> Years ago it would've required a supercomputer and a PhD to do this stuff
This isn't actually true. You could do this 20 years ago on a consumer laptop, and you don't need the information you get for free from text moving under a filter either.
What you need is the ability to reproduce the conditions the image was generated and pixelated/blurred under. If the pixel radius only encompasses, say, 4 characters, then you only need to search for those 4 characters first. And then you can proceed to the next few characters represented under the next pixelated block.
You can think of pixelation as a bad hash which is very easy to find a preimage for.
No motion necessary. No AI necessary. No machine learning necessary.
The hard part is recreating the environment though, and AI just means you can skip having that effort and know-how.
In fact, there was a famous de-censoring that happened because the censoring which happened was a simple "whirlpool" algorithm that was very easy to unwind.
If media companies want to actually censor something, nothing does better than a simple black box.
> nothing does better than a simple black box
You still need to be aware of the context that you're censoring in. Just adding black boxes over text in a PDF will hide the text on the screen, but might still allow the text to be extracted from the file.
Indeed. And famously, using black boxes as a background on individual words in a non-monospaced font is also susceptible to a dictionary attack on an image of the widths of the black boxes.
And even taking sharpie and drawing a black box doesn't mean the words can be seen at a certain angle or by removing the sharpie ink but not the printed ink.
Really, if you need to censor something create a duplicate without the originals. Preferably literally without the originals as the size of the black box is also an information leak.
No need for the monospaced requirement - it would reduce the search space, but it's solvable even before this reduction.
The additional leakage provided by non-monospace is rather large. With monospace all you know is the character count.
Curious anyone know if the specific censoring tool in the MacOS viewer has this problem? I had assumed not because they warn you when using the draw shapes tool that text below it can be recovered later and they don't warn you about that when using the censoring tool.
Ah yes, Mr. Swirl Face.
This was pretty different though. The decensoring algorithm I'm describing is just a linear search. But pixelation is not an invertible transformation.
Mr. Swirl Face just applied a swirl to his face, which is invertible (-ish, with some data lost), and could naively be reversed. (I am pretty sure someone on 4chan did it before the authorities did, but this might just be an Internet Legend).
A long while ago, taking an image (typically porn), scrambling a portion of it, and having others try to figure out how to undo the scrambling was a game played on various chans.
Christopher Paul Neil is a real person who went to jail.
Shhhhh!!!!!
Yeah but if you read about him it serves as a rallying cry for right wing types since he's an example of the candaian legal systems extreme leniency. This guy should be in prison forever and he's been free since 2017. Look at his record of sentencing.

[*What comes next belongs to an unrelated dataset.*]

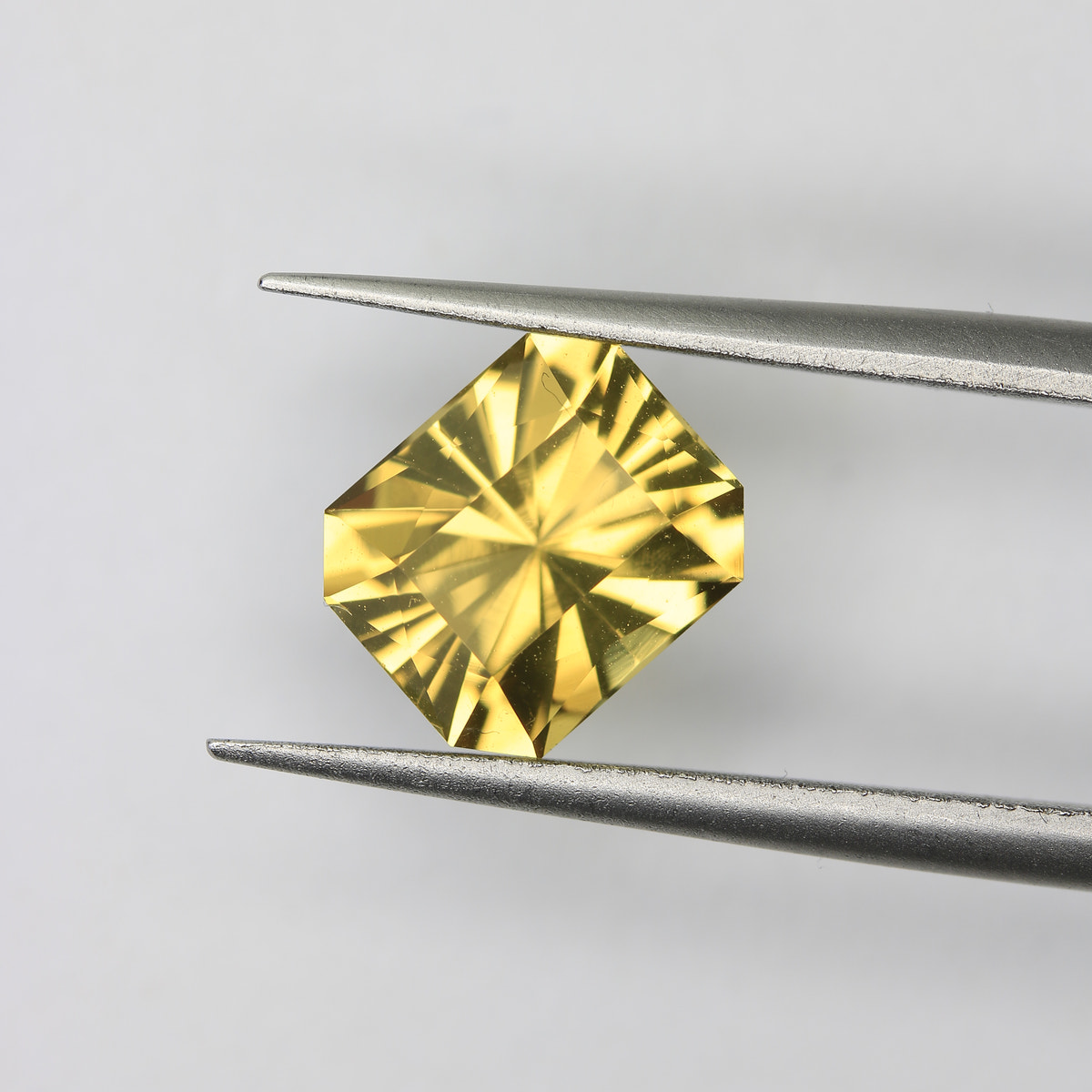 2.3ct Citrine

I love being a bleeding heart liberal/progressive and all, but this is too far.
Furthermore, don't look too hard at Isreal and it's policy of being very, very open to pedophiles and similar types.

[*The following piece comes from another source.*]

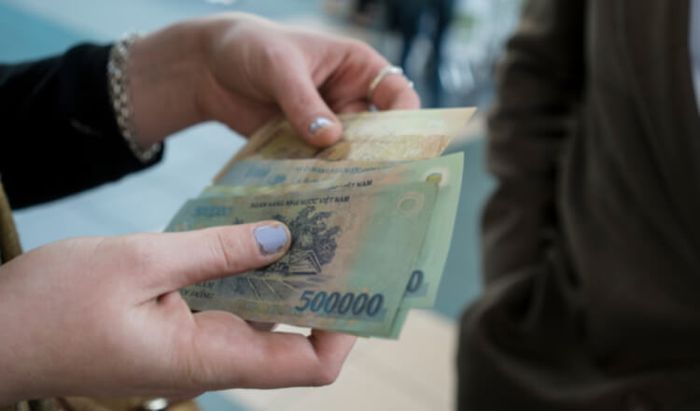 Phương thức thanh toán khoản vay tiêu dùng Shinhan bằng tiền mặt có thể thực hiện tại các quầy giao dịch của ngân hàng đối tác như ACB, Agribank, Sacombank, Techcombank, Vietcombank và VietinBank. Khách hàng cũng có thể nộp tiền tại các điểm thu hộ như bưu điện, Circle K, v.v. Lưu ý rằng sẽ có một khoản phí thu hộ tùy theo chính sách của từng đơn vị.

A completely opaque shape or emoji does it. A simple black box overlay is not recommended unless you that’s the look you’re going for. Also very slightly transparent overlays come in all shapes and colors and are hard to recognize whether it’s a black box or another shape, so either way you need to be careful it’s 100% opaque.
Noob here, can you elaborate on this ? if you take for example a square of 25px and change the value of each individual pixels to the average color of the group, most of the data is lost, no ? if the group of pixels are big enough can you still undo it ?
Yeah most of the information is lost, but if you know the font used for the text (as is the case with a screencast of a macOS window), then you can try every possible combination of characters, render it, and then apply the averaging, and see which ones produce the same averaged color that you see. In addition, in practice not every set of characters is equally likely --- it's much more likely for a folder to be called "documents" than "MljDQRBO4Gg". So that further narrows down the amount of trying you have to do. You are right, of course, that the bigger the group of pixels, the harder it gets: exponentially so.
Yeah, a screencast of a MacOS window is probably one of the best case scenarios for this.
As a toy example if you have pixels a,b,c and you blur to (a+b)/2,(b+c)/2, you can recover back c - a. You might be able to have a good estimate of the boundary condition ("a"), e.g. you can just use (a+b)/2 as an approximation for "a", so the recovered result might look fairly close.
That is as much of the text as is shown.